This is a very good question, and I will do my best to give you some good arguements and compelling reasons.
1. It takes 2500 gallons of water to produce one pound of beef. This figure takes into account the water used to grow the cattle feed, the water directly consumed by the cattle, and the water necessary for processing the cattle into meat for our tables. In contrast, it takes only 25 gallons of water to produce one pound of wheat.
2. Many restaurants, such as McDonald's, buy most, if not all, of their beef from South American suppliers. For each pound of beef that makes it into a hamburger or steak, over 200 square feet of rain forest was destroyed. Since these massive herds of cattle graze the land to death,more and more rain forest must be cut down to provide them with food. Overgrazing by cattle strips all vegetation from the soil, which leaves the land barren. When it rains, there is nothing to hold the topsoil (the layer that is rich enough to grow grass) in place, and it washes away. Once all the topsoil is eroded, nothing will grow. And that topsoil must go somewhere, right? It does. It goes into the waterways, where it chokes out native fishes.
Even in the US, livestock farming is responsible for 85% of all topsoil erosion.
3.While cattle DO produce a lot of methane, which is one of the so called "greenhouse gasses", farmers burn a lot of fossil fuels heating and cooling the enormous structures that factory cattle are raised in. It also takes a lot of fossil fuels to produce the electricity that runs the lights 20 hours a day on egg farms (so the hens will lay mass amounts of eggs), not to mention the heating and cooling of their massive egg barns.
4. Because cattle, chickens, and pigs raised on factory farms are kept so tightly crammed together, farmers feed them over 15 million pounds of antibiotics per year, just so that they don' get sick. Herbicides, chemical fertilizers and pesticides are used in massive amounts to grow the food the animals eat, and all of these things make their way into the soil, water and air as pollution.
5. A person following a vegetarian diet needs less than 1/2 acre to produce all of his food for one year. A person who regularly eats meat needs over 2 acres of land to produce all of his food for a year.

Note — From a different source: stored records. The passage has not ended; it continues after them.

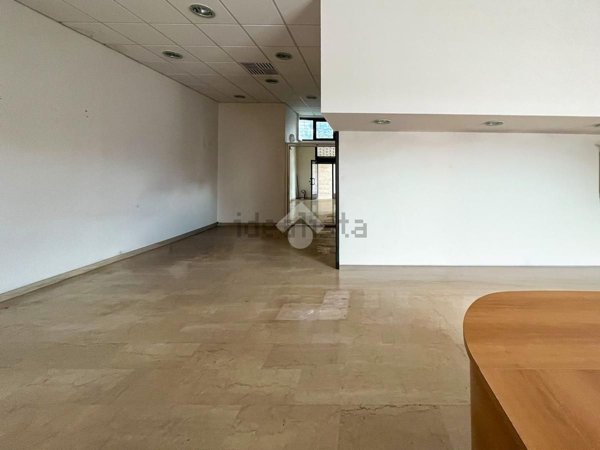 locale commerciale in vendita a Pizzighettone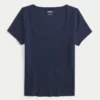 T-shirt à encolure dégagée T-shirt à encolure dégagée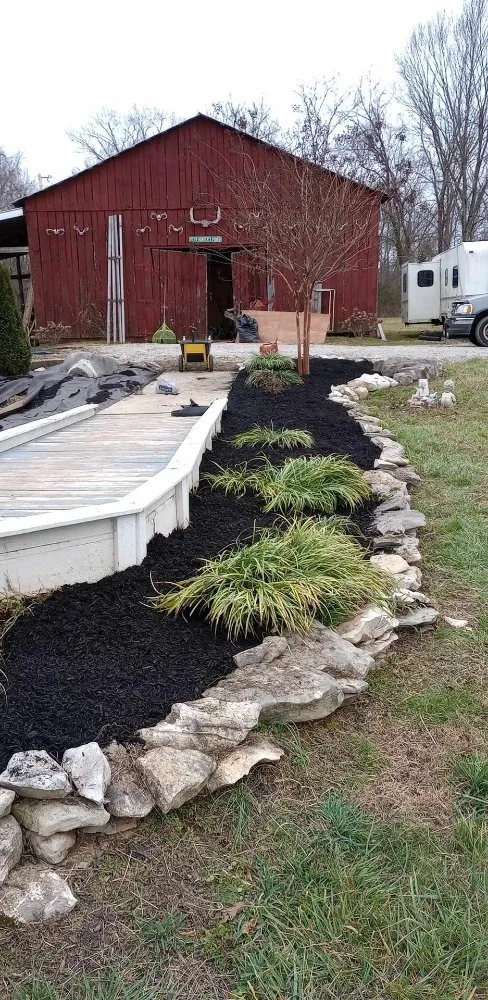 Custom lawn mowing service in Burnside, KY by Lake Cumberland Pros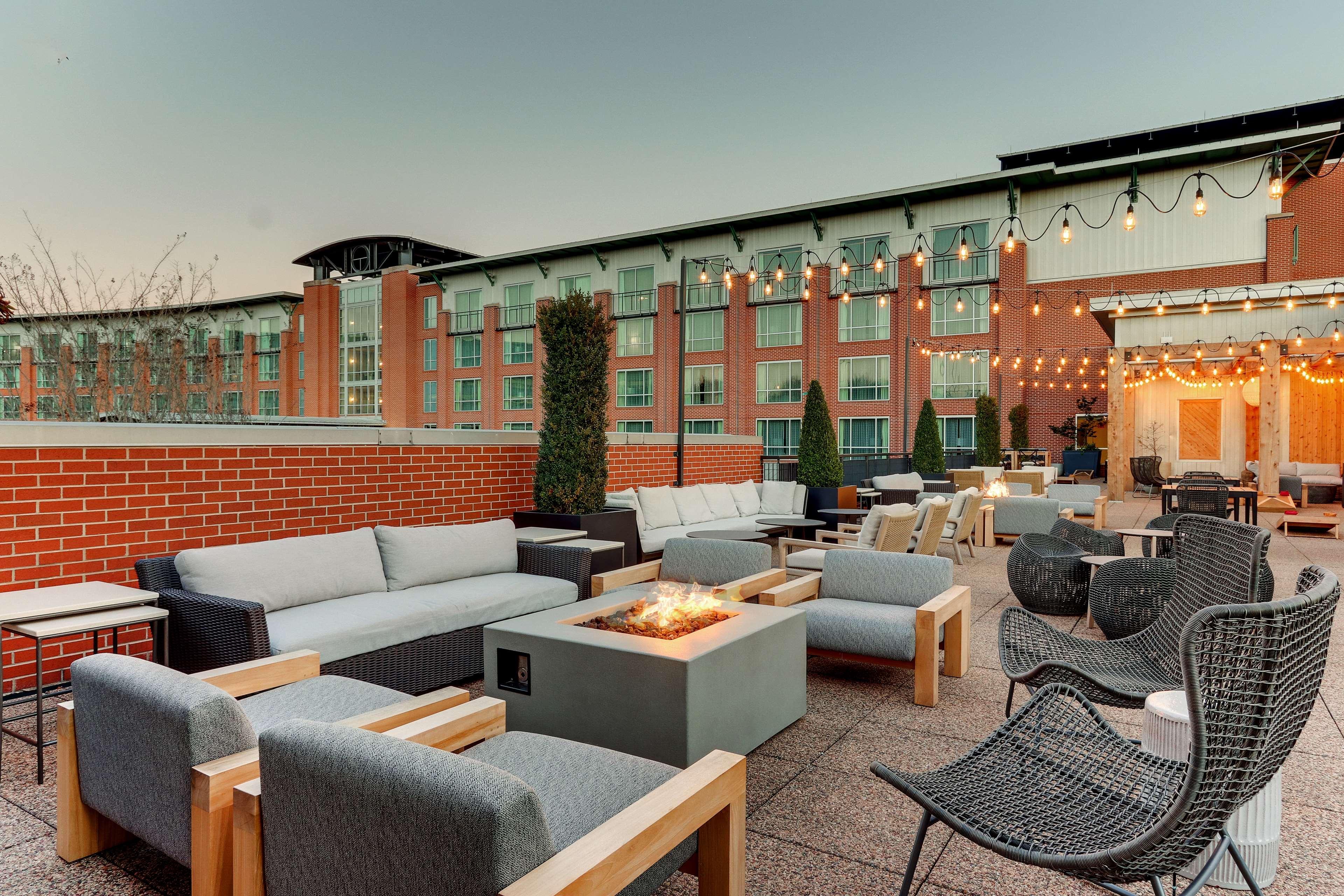 The Chattanoogan Hotel, Curio Collection By Hilton Exterior photo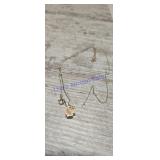 14k gold necklace and floral pendent, chain needs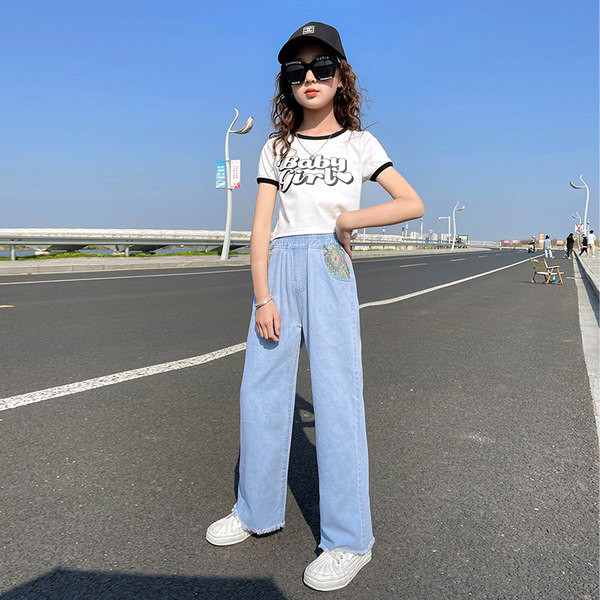 Moderne ljetne dječje traperice širokih nogavica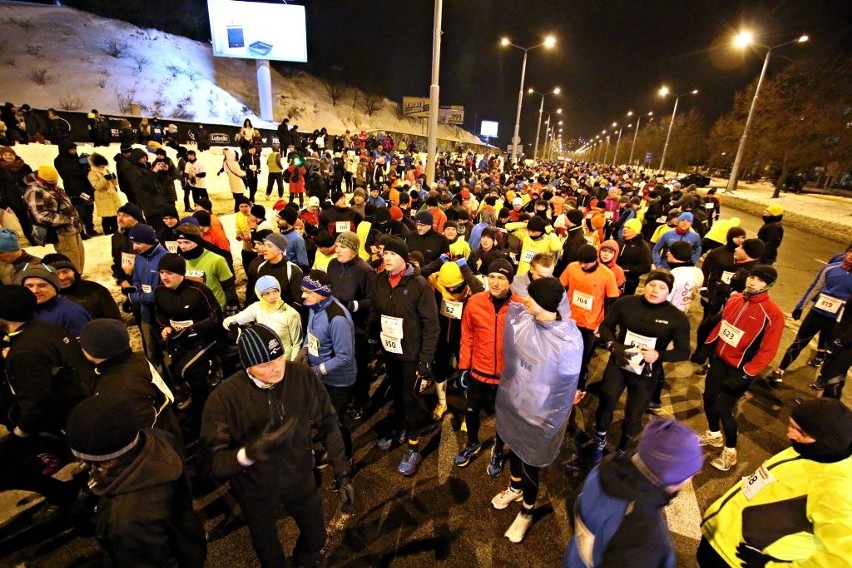Ponad 700 osób pobiegło w nocnej dysze do maratonu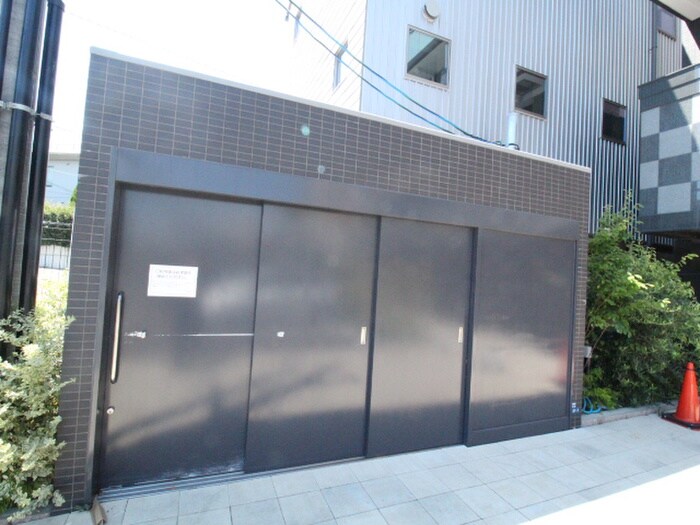 ファステート江坂ランウェイの物件外観写真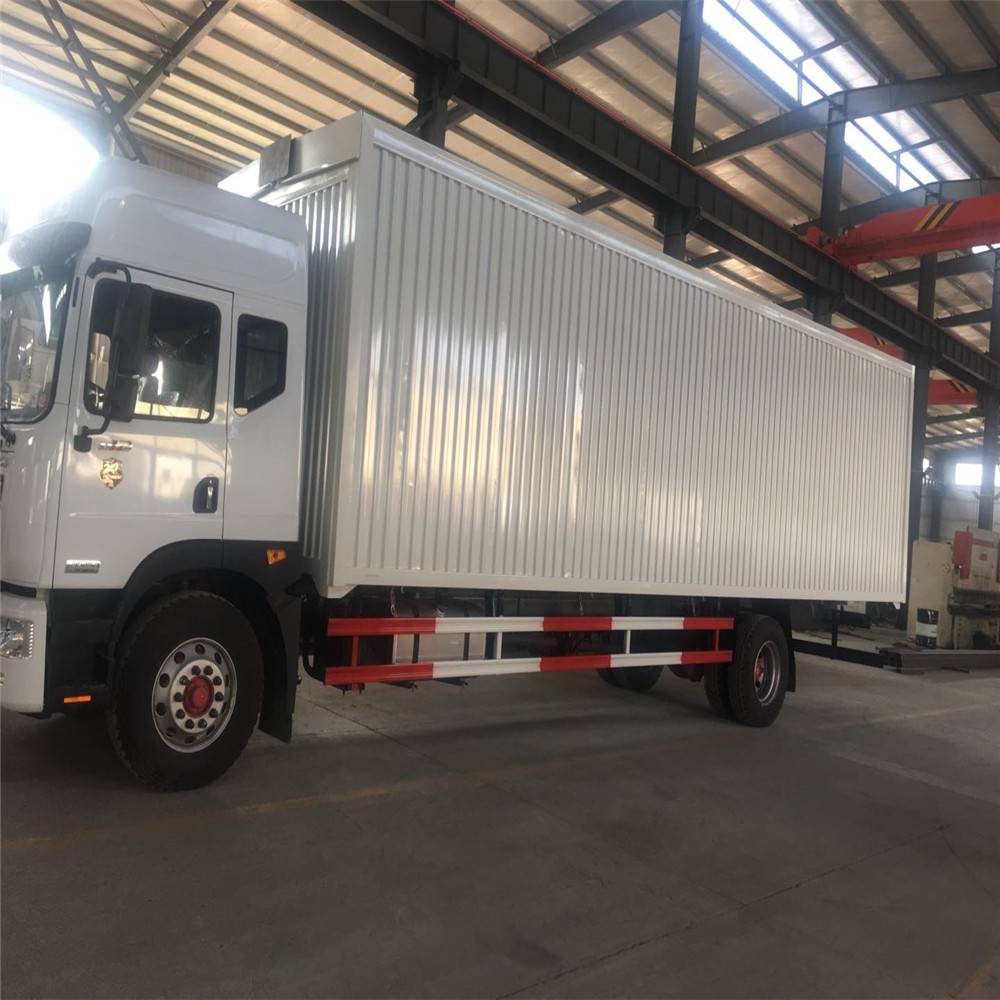 前四后四飞翼箱车零首付8米飞翼货车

If you need more reasons or just want to research this topic further, there are any number of good books at your local library, and scientific papers that can be found online. Please be careful when accepting a statistic as fact from any source that may be biased, though. It's easy to twist numbers into "facts" to support only one side of an arguement. Consider your source, and think with a critical mind before you make any decisions.
I hope this has helped enlighten you, and I wish you the best in trying to go "greener".